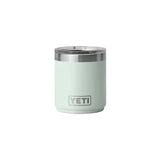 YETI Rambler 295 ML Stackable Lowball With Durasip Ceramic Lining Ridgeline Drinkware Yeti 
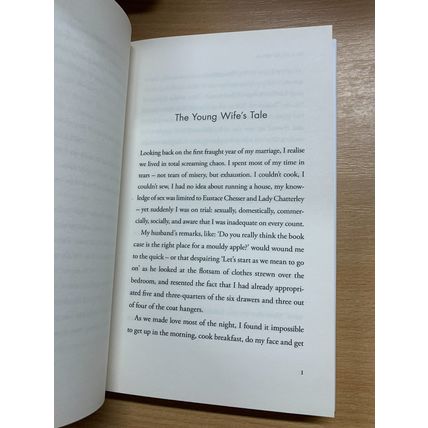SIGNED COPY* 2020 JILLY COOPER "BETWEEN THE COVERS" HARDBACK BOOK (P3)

# # # # # # #

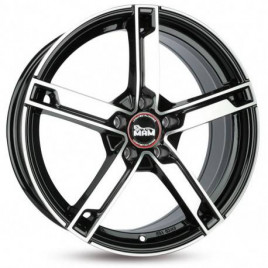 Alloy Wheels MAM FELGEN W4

# # # # # # #

Exercise prompt: Using the records above, repeat exactly the run of lines that starts with the line with "YETI Rambler 295" and goes on through the line with "SIGNED COPY* 2020"; omit each picture.

Response area:
 YETI Rambler 295 ML Stackable Lowball With Durasip Ceramic Lining Ridgeline Drinkware Yeti 
SIGNED COPY* 2020 JILLY COOPER "BETWEEN THE COVERS" HARDBACK BOOK (P3)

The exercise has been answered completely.